In a precise conception of reality constructs, Cinema as an art has always been perceived as the most poignant medium to instill peculiar thoughts in the human mind and shape the ideologies in its desired form. Ever since Indian cinema commenced with the surreal outputs of real life incidents that appeared for public release with the emergence of ‘ Dadasaheb Phalke’s ‘silent feature films like ‘Raja Harishchandra’, ‘Lanka Dahan’ and ‘Krishna Janma’, it has been a subject of gradual headway of diverse varieties of themes incorporated.
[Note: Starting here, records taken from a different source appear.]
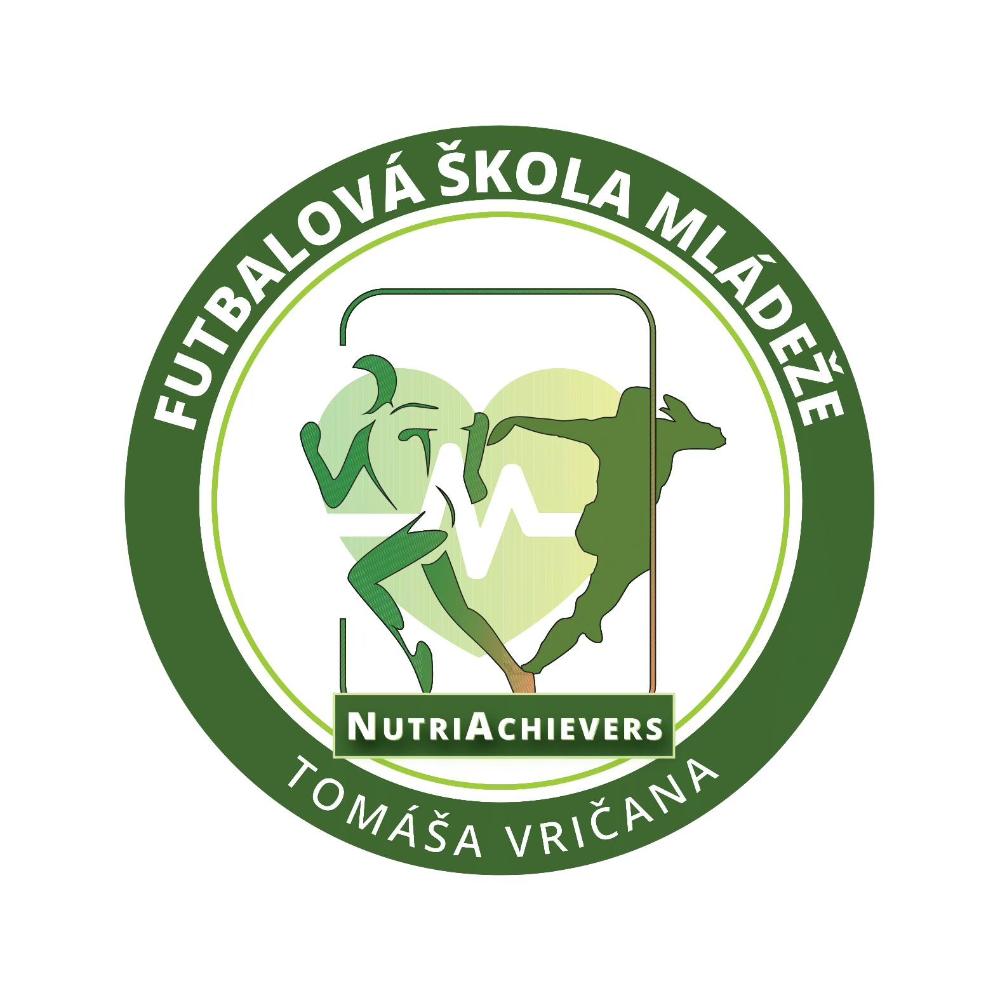 Logo zväzu Futbalová Škola Mládeže NutriAchievers Tomáša Vričana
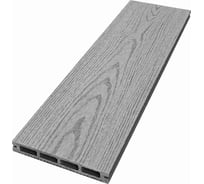 Террасная доска Некст 4 м. Экодекинг, цвет Серый, 4687205730688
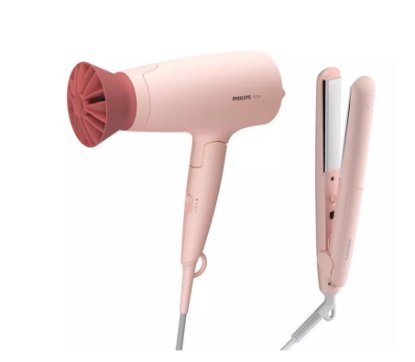 Set za oblikovanje las PHILIPS BHP398/00, 1600 W, zložljiv ročaj, potovalni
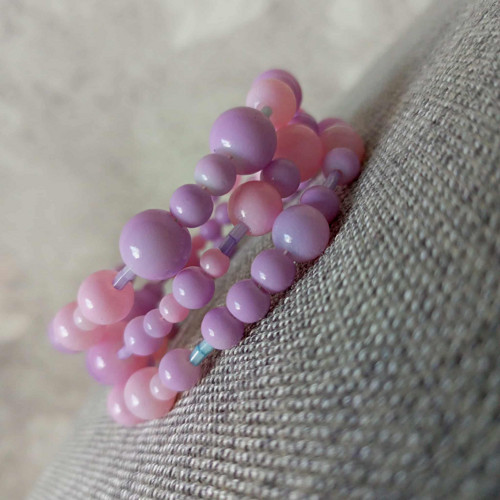 Náramek pastel růžový — foto 3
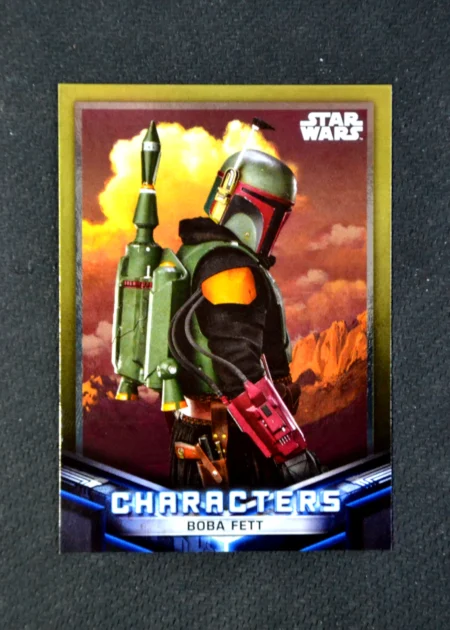 Boba Fett n°C25 (Holographique - Yellow Parallel)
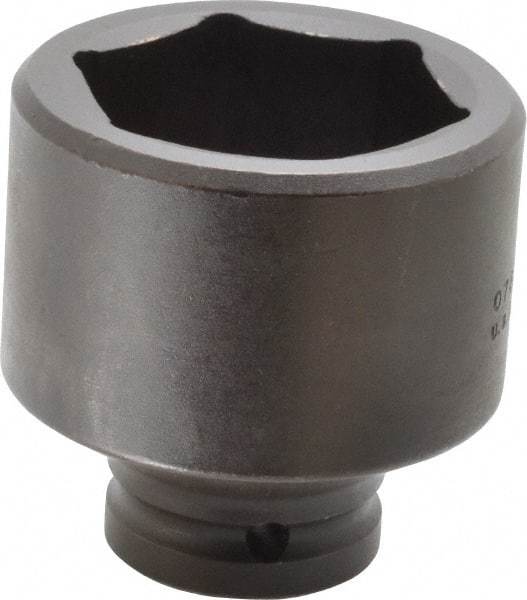 Proto - 3/4" Drive 2-1/8" Standard Impact Socket - 6 Points, 3-3/32" OAL - Top Tool & Supply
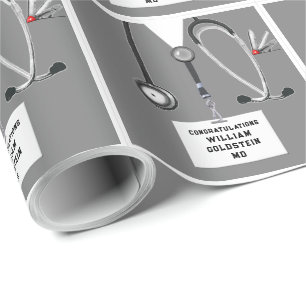 Cadeaupapier voor afstuderen aan de geneeskunde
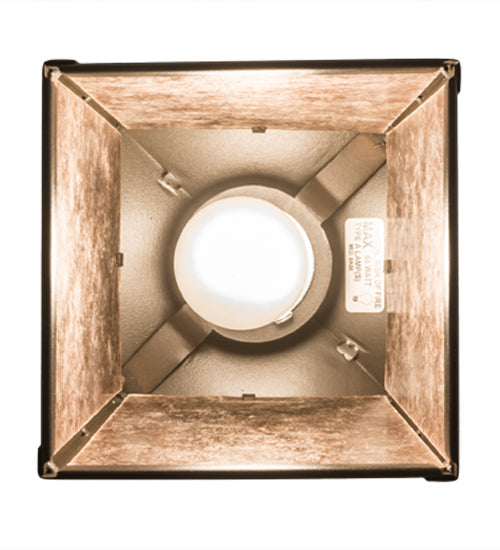 Meyda Lighting Whispering Pines 11" Timeless Bronze Pendant Light With Silver Mica Shade Glass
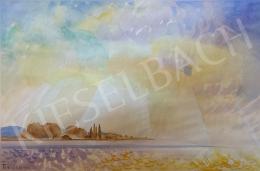  Pleidell János - Napsütötte Balaton part, 1984 
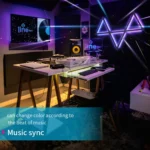 JSK-P22 Smart RGB Mosaic Light Rhythm Light Support Amazon Alexa / Google Assistant /DuerOS - Image 5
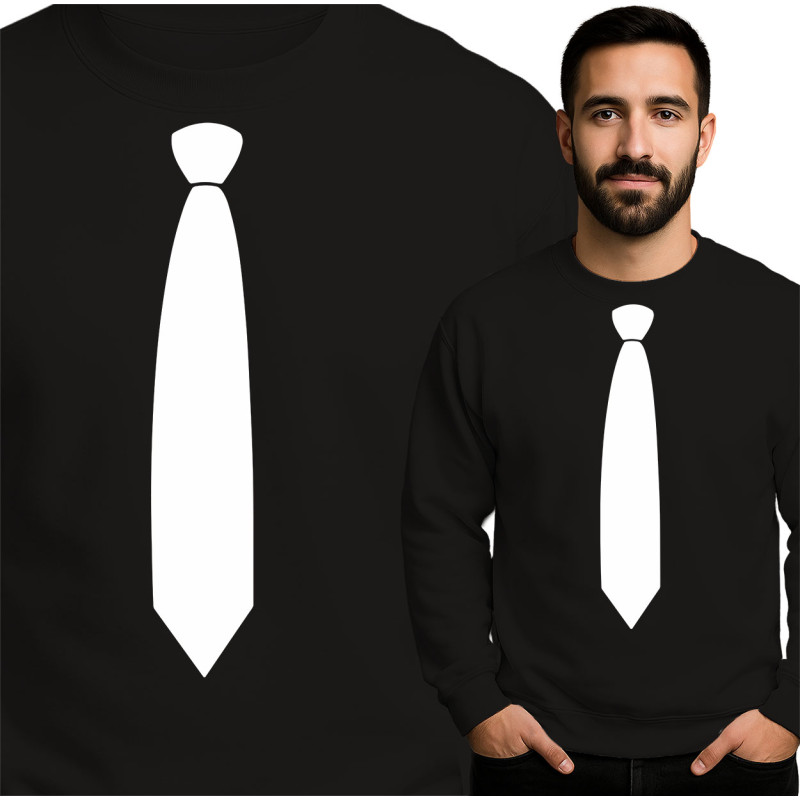 Stijlvolle Bruine Sweatshirt met Stropdas Ontwerp
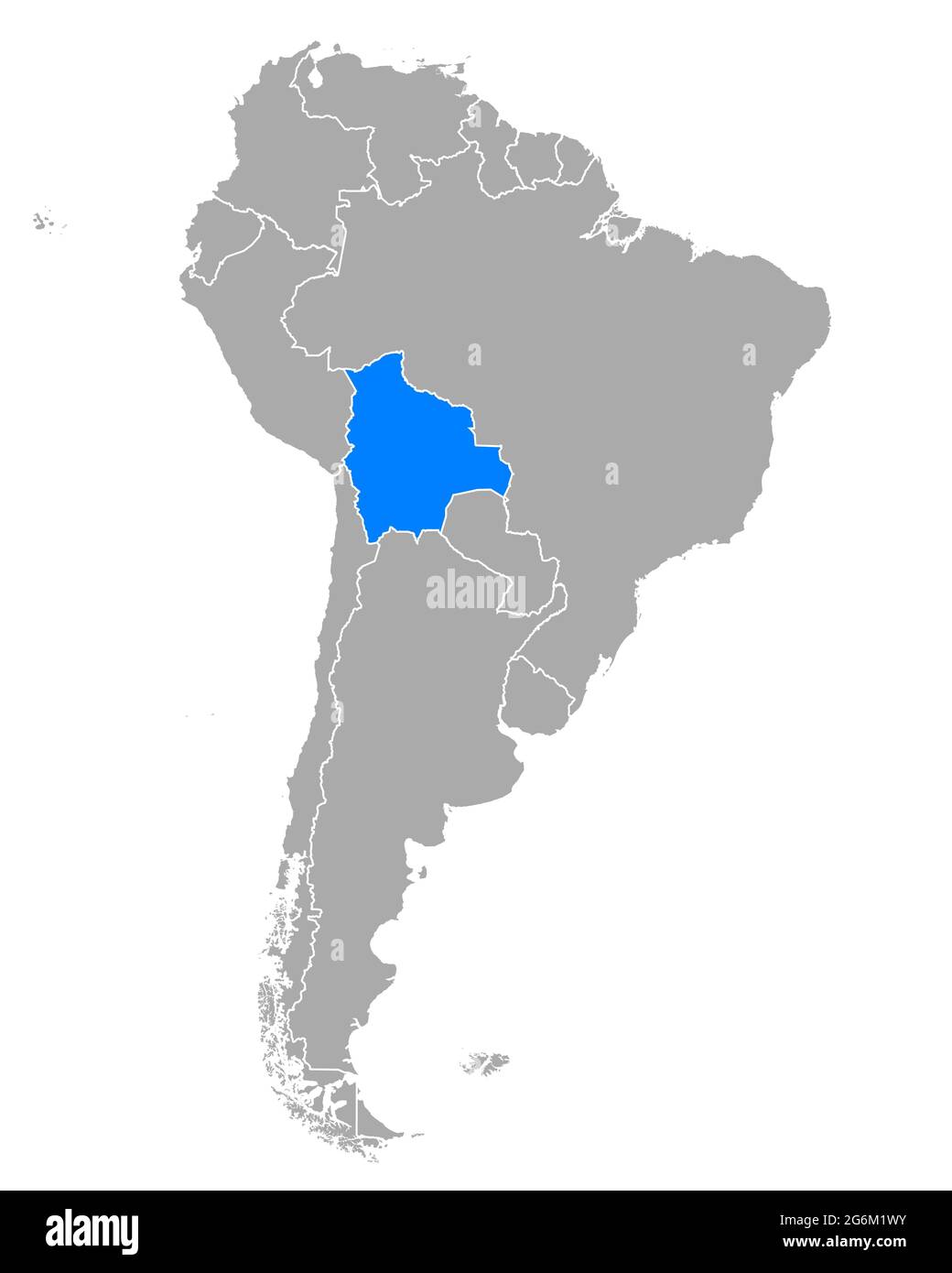 Map Of Bolivia In South America Stock Photo Alamy Map Of Bolivia In South America 2G6M1WY 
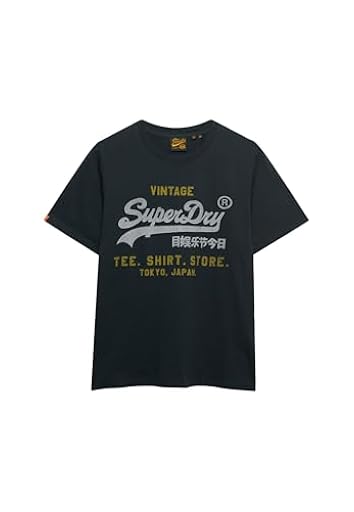 Superdry VL Heritage Relaxed tee T-Shirt, Eclipse Navy, 3XL Men´s | Ya disponible en tu tienda friki favorita! En mundofriki.es!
Observing the current scenario of the Bollywood industry, there is a sudden upsurge in thematic films that are based primarily on non fictional concepts either through portrayal of a real life case, life story of a personality or through depiction of social realities prevalent in the country. Prominently persisting in the parallel Indian cinema started by filmmakers like Satyajit Ray, Mrinal Sen and Bimal Roy, mainstream film industry now has a large market share of the message-driven, realistic films with minimal songs or romanticism involved. Instances can be traced with the current release of films like ‘Neerja’, ‘Mary Com’, ‘Talvar’, ‘No One Killed Jessica’, ‘Masaan’, ‘Aligarh’, ‘Airlift’, ‘Wazir’, etc. The interesting fact is that these types of movies have formed a new style of filmmaking and has added the spice of creativity and aesthetics to the recipe of cinema art. Not only do the themes of terrorism, corruption, struggle stories of unsung heroes, social evils, realistic societal trends, fascinate the filmmakers but are also now a major demand of the young and prudent cinema audience as opposed to romantic comedies engaged with illusionary love stories and happy endings. This phase can be tagged as resurgence of reality in Bollywood films.
There is always an ongoing debate with regard to significance of the mentioned themes of social realism displayed in the movies. What often becomes the cause of question is that whether realistically based Bollywood films can evince the malign pictures of the country or rather contributes in expanding awareness of the social realities in order to help eradicating them.
The latest controversy with respect to the crime thriller film ‘Udta Punjab’ has dealt with the same problem of relevance inducing debates for and against the decision of Central Board Of Film Certification(CBFC) about 89 cuts prior to its release. Though Bombay High Court verdict has finalized its release with a single cut, it has still kept such genre of movies under a big question mark for public display in the discourse of numerous discordant opinions. The perplexing problem is that the entertainment industry is imputed as a detriment to the existing positions of the power structures and greatly influences the social and economic conditions. Nobody apprehend a film as merely a film but as a strong representative imagery of the society within which it is made. There is still a myriad of questions raised after every such movie is made, that are left unanswered or consistently occur as a topic debated across plenty news channels and news media outlets.
Why do every message driven or realistic movie, generate a tumult engaging every individual and community? Why are such movies that are extremely significant at the forefront, becoming an agenda of political debates? Why can’t these movies be considered as creative art forms that can shape the societal norms positively? Everyone just ponder upon and observe on and on, with no solution to prevent such situations in future. It is necessary to understand that the film industry needs to be a holistic sphere of various relevant social issues and foster as per the developmental requirements of the country.
Prominently persisting in Parallel cinema started by Satyajit Ray, Mrinal Sen and Bimal Roy in India, mainstream film industry now has a large market share of message-driven, realistic films with minimal songs and romanticism involved.